Stop Putting Humans Where God Should Be

Okay so Rachel Hollis….

Let me preface what I am going to say with this: I own 2 of her books. I have not completely read them all the way through, I have cherry picked what I read from them and only read them on a situational basis. I do not listen to her TED Talks and before today I didn’t even know she was on TikTok and I didn’t realize that her book talking about her divorce was riddled with controversy. In fact, for my own reasons, I stopped following her all together once the news of she and Dave’s divorce broke out. This wasn’t necessarily an intentional decision, I just stopped following her after that.

Did I read her books as my Bible? Have I replaced the Bible with “Girl, Wash Your Face?” or “Girl, Stop Apologizing”? Absolutely not.

She is a human being. She is not God.

The disappointment and heartbreak that comes when a celebrity’s true colors are shown happens because we tend to place really cool and motivating humans where God should be in our lives. We see these people doing things we want to do or being the people we wish we could be and we put them in a high place of honor. Not just on our bookshelves but we place them on a pedestal in our lives.

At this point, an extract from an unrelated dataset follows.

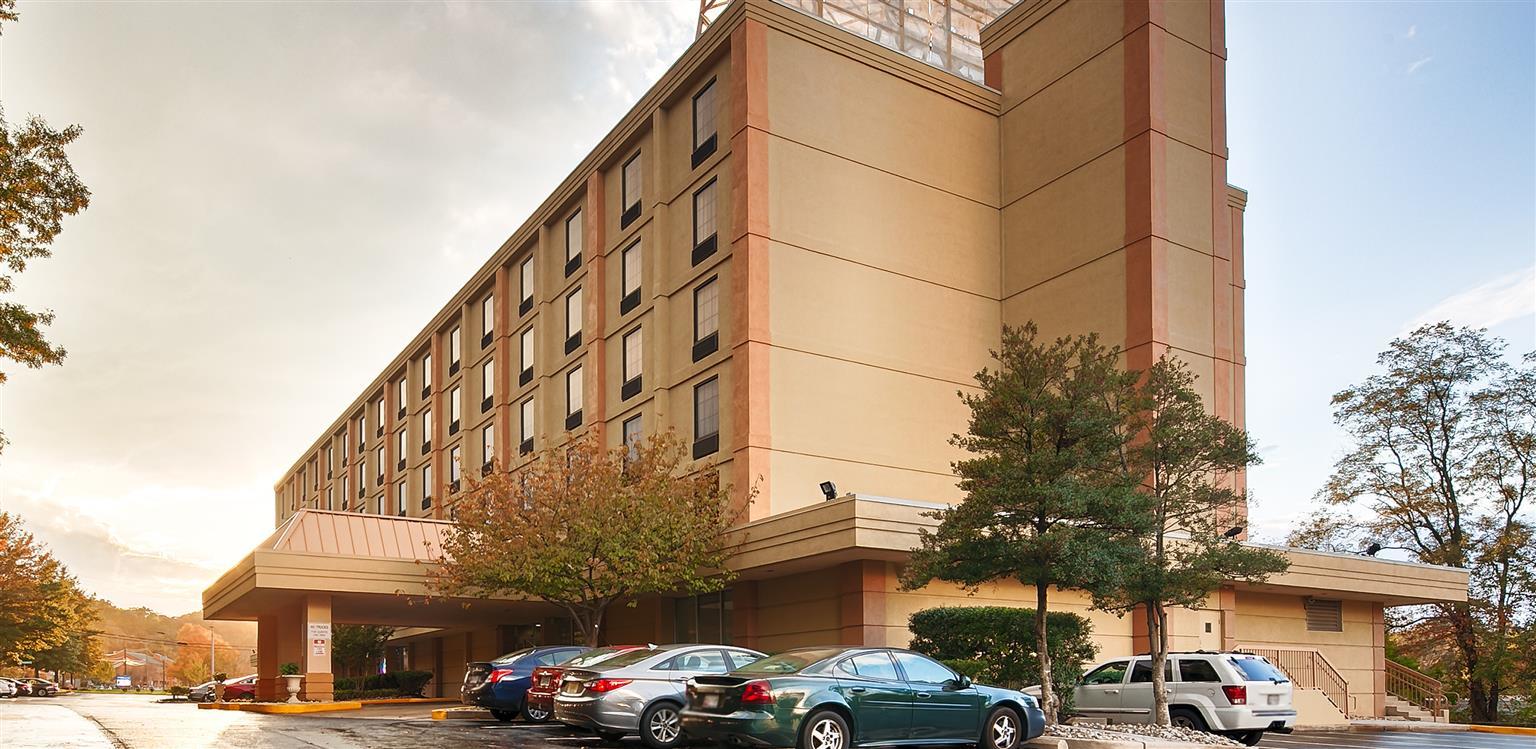 Holiday Inn Express Towson- Baltimore North, An Ihg Hotel Luaran gambar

They don’t just hold a place of honor in our living rooms or our offices, they hold a place of honor in every aspect of our lives. We follow these people on every social media platform, we have their books, their clothes, their jewelry, we follow their diets and their lifestyles to a T in hopes that we will too someday be them. Is it a bad thing to be motivated by fellow humans? No, it isn’t. But it becomes a bad thing when we obsess over these humans and place them on a pedestal. That’s the problem.

Do humans make mistakes? Absolutely 100% yes. Did Rachel Hollis make a mistake? Oooooh yeah she did. She messed up. I won’t share everything she has done on my blog, I’m not even going to touch on what she has done. But I will say that her apologies need some work and her true colors have been exposed.

Do these recent developments and the exposure of Rachel Hollis mean I am going to burn her books in my backyard and spend a week mourning? No.

It does however mean that I am grateful that I did not allow myself to get swept up in the bandwagon that was the preaching’s of Rachel Hollis. I hope she makes a comeback and realizes the things she has done that are wrong. I hope she finds forgiveness and reconciliation in this situation. I am going to pray for her, and pray for her followers who are hurt right now. And I hope you do the same thing.

We can support one another and be motivated and encouraged by one another without attempting to be God to one another.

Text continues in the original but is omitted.